# MGT 8803 Project
## Basketball Reference Web Scraper

### Fred Sackfield

This notebook contains code to scrape twitter handle data from player pages on basketball-reference.com. These twitter handles will be stored in a csv file and used as input for an R script that collects twitter data for each player. 

In [1]:
#import necessary libraries
import requests
from bs4 import BeautifulSoup
from urllib.error import URLError, HTTPError
import csv
from datetime import datetime
from time import sleep


In [2]:
def create_soup(url):
    try:
        page = requests.get(url, timeout=10)
    except HTTPError as e:
        print('ERROR CODE: ',e.code)
        return None
    except URLError as e:
        print('ERROR REASON: ',e.reason)
        return None

    html = page.text
    soup = BeautifulSoup(html, 'html.parser')

    return soup
    

In [3]:
#Step 1 - create a list of all team-specific urls

home_url = 'https://www.basketball-reference.com'

home_soup = create_soup(home_url)

team_hrefs = []

for team in home_soup.find_all('th',{'data-stat':'team_name'}):
    
    if 'aria-label' not in team.attrs.keys():
        team_hrefs.append(team.find('a').attrs['href'])

len(team_hrefs)


30

In [8]:
## store the player data in a list of dictionaries, which have the following keys:
## id, fullname, team, age, exp, college, handle

players = []

for href in team_hrefs:
    sleep(2)
    team_soup = create_soup(home_url+href)
    roster = team_soup.find('div',{'id':'div_roster'}).find('tbody')
    
    for player in roster.find_all('tr'):

        pref = player.find('a').attrs['href']
        #print(pref)
        player_soup = create_soup(home_url+pref)
        
        #filter out players who don't have Twitter or who play < 10mpg
        if player_soup.find('tr',{'id':'per_game.2020'}) is None:
            continue
        elif float(player_soup.find('tr',{'id':'per_game.2020'}).find('td',{'data-stat':'mp_per_g'}).text) < 10:
            continue
        elif player_soup.find(text='Twitter') is None:
            continue
        else:
            
            player_cols = player.find_all('td')
            bday = datetime.strptime(player_cols[4].text, "%B %d, %Y")
            today = datetime.strptime(datetime.today().strftime("%B %d, %Y"), "%B %d, %Y")
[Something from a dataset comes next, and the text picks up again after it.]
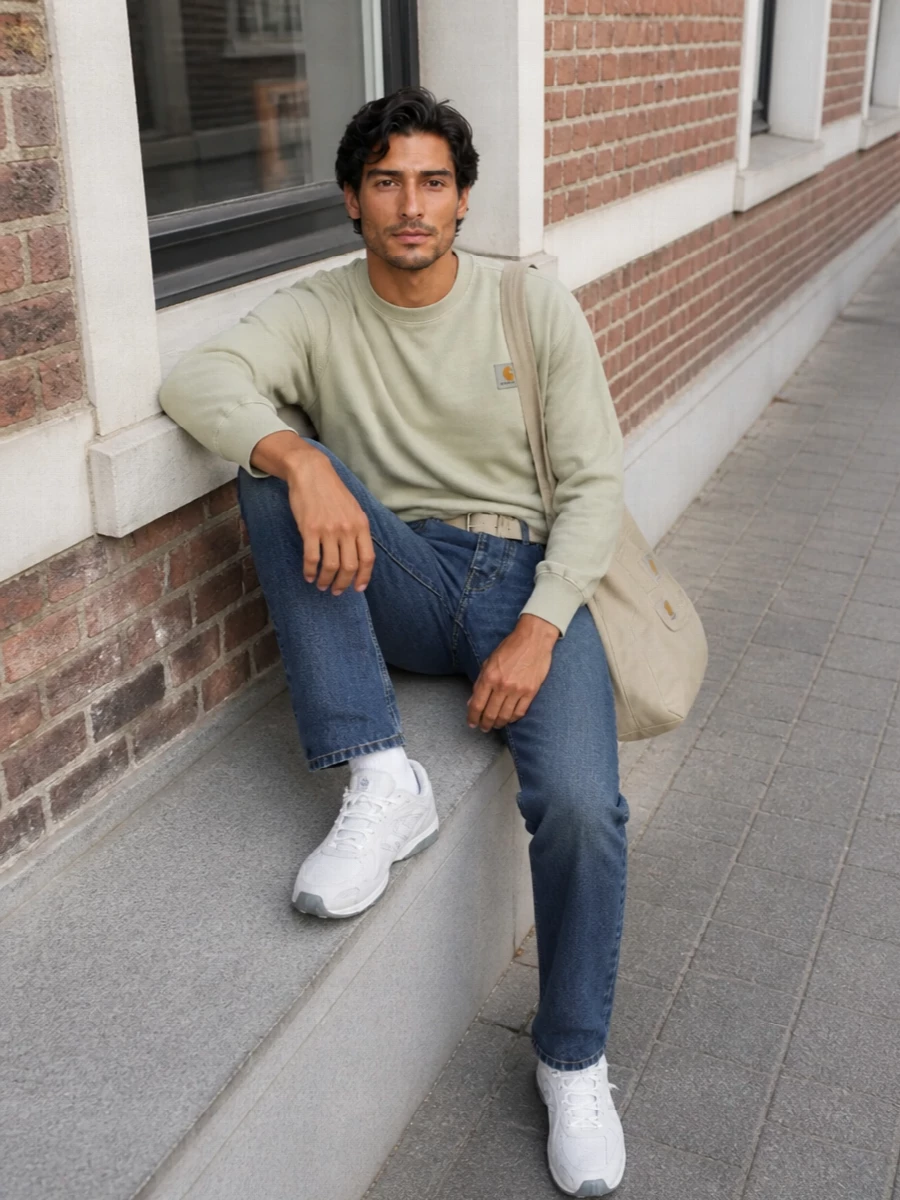 Washed indigo denim pairs with the sage crewneck for a soft, utilitarian take on streetwear that feels relaxed but thought through. Pale grey runners and the stone tote keep everything in a cool, muted palette, while the sand belt adds just enough structure without disturbing the easy straight-leg silhouette. It is a clean, off-duty uniform that moves smoothly from studio days to city errands.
            player_dict = {}
            player_dict['id'] = pref.split('/')[3].split('.')[0]
            player_dict['fullname'] = player.find('a').text
            player_dict['team'] = href.split('/')[2]
            player_dict['age'] = int(abs((today - bday).days)/365)
            player_dict['exp'] = int(player_cols[6].text) if player_cols[6].text != 'R' else 0
            player_dict['college'] = player_cols[7].text
            player_dict['handle'] = player_soup.find(text='Twitter').find_next('a').text


            players.append(player_dict)
    print('Collected players from '+href.split('/')[2])
        

Collected players from MIL
Collected players from TOR
Collected players from BOS
Collected players from MIA
Collected players from IND
Collected players from PHI
Collected players from BRK
Collected players from ORL
Collected players from WAS
Collected players from CHO
Collected players from CHI
Collected players from NYK
Collected players from DET
Collected players from ATL
Collected players from CLE
Collected players from LAL
Collected players from LAC
Collected players from DEN
Collected players from UTA
Collected players from OKC
Collected players from HOU
Collected players from DAL
Collected players from MEM
Collected players from POR
Collected players from NOP
Collected players from SAC
Collected players from SAS
Collected players from PHO
Collected players from MIN
Collected players from GSW


In [9]:
print(len(players))

383


In [None]:
## data cleaning - if player attended multiple colleges, take the most recent one
for p in players:
    if len(p['college'].split(',')) > 1:
        p['college'] = p['college'].split(',')[len(p['college'].split(','))-1]

In [20]:
#write player data to a csv file

player_columns = ['id','fullname','team','age','exp','college','handle']

csv_file = "players.csv"
try:
    with open(csv_file, 'w', newline='\n', encoding='utf-8') as csvfile:
        writer = csv.DictWriter(csvfile, fieldnames=player_columns)
        writer.writeheader()
        for data in players:
            writer.writerow(data)
except IOError:
    print("I/O error")